Doch zur reinen Euphorie sieht Bästlein keinen Anlass: Zum einen seien die Zahlen nur ein Durchschnitt. Einige Städte in NRW könnten von diesem Aufschwung noch nicht viel spüren, "das hängt davon ab, welche Branchen die örtliche Wirtschaft bestimmen". Und: "Der Anstieg geschieht von sehr niedrigem Niveau aus. Die schwere Krise ist damit noch längst nicht überwunden."

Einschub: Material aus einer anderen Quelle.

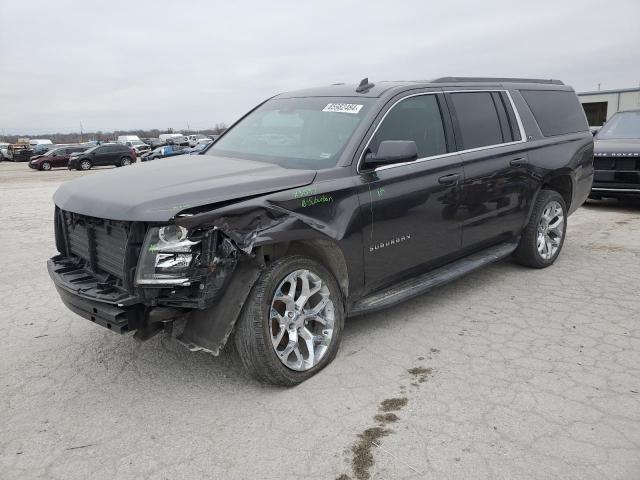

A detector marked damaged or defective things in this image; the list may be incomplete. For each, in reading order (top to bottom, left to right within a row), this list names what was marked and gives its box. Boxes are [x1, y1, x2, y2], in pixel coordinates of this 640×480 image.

damaged headlight [136, 225, 201, 284]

"Lediglich Verbesserung im Minus"
Im klammen Wuppertal ist man für jedes positive Anzeichen dankbar: Nachdem die Gewerbesteuereinnahmen im vergangenen Jahr von 170 Millionen auf 95 Millionen am Jahresende abgestürzt waren, verzeichnet Kämmereileiter Alfred Lobers für dieses Jahr immerhin schon wieder 105 Millionen. "Wir schätzen einen Anstieg auf 110 Millionen bis zum Jahresende", sagt er. Im Aufwind befänden sich vor allem die örtlichen Autozulieferer. Allerdings, warnt der Kämmerer, wirkten auch bei diesen Firmen noch die dicken Verluste aus dem Vorjahr nach: Die können nämlich mit den Einnahmen dieses Jahres steuerlich verrechnet werden.

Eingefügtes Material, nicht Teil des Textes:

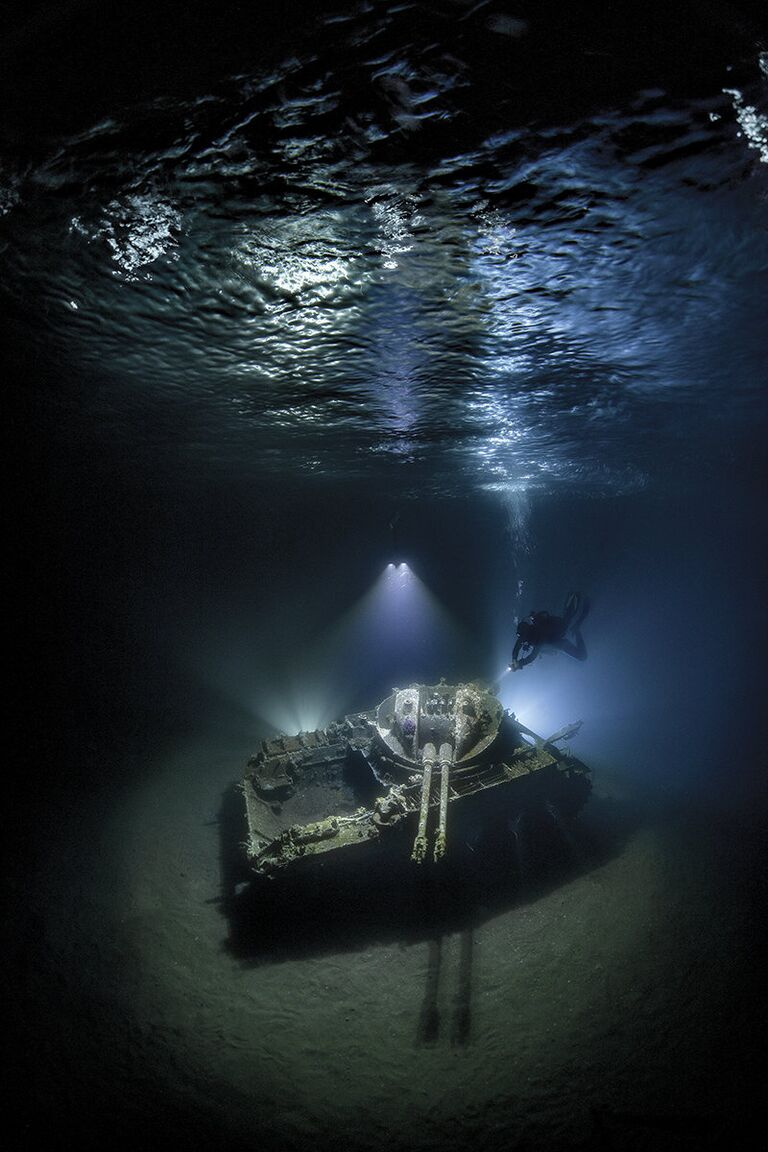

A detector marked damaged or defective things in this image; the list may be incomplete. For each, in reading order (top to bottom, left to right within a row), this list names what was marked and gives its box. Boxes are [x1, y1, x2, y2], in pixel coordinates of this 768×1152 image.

rusty tank hull [242, 677, 594, 875]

Der andere Grund, warum sich der Wuppertaler Schatzmeister nicht wirklich über das Einnahmenplus freuen kann: Wuppertal ist mit 1,8 Millarden Euro verschuldet und steht unter Haushaltssicherung. "Das heißt, wir dürfen kein Geld ausgeben und können keine Beschlüsse fassen." Die zusätzlichen Einnahmen brächten lediglich "eine Verbesserung im Minus". Dringend anstehende Investitionen müssten weiterhin warten, und die drohende Schließung von fünf Schwimmbädern und des Schauspielhauses sei damit auch nicht vom Tisch. Auf ihrer Homepage hat die Stadt die Finanzlage ausführlich dargestellt.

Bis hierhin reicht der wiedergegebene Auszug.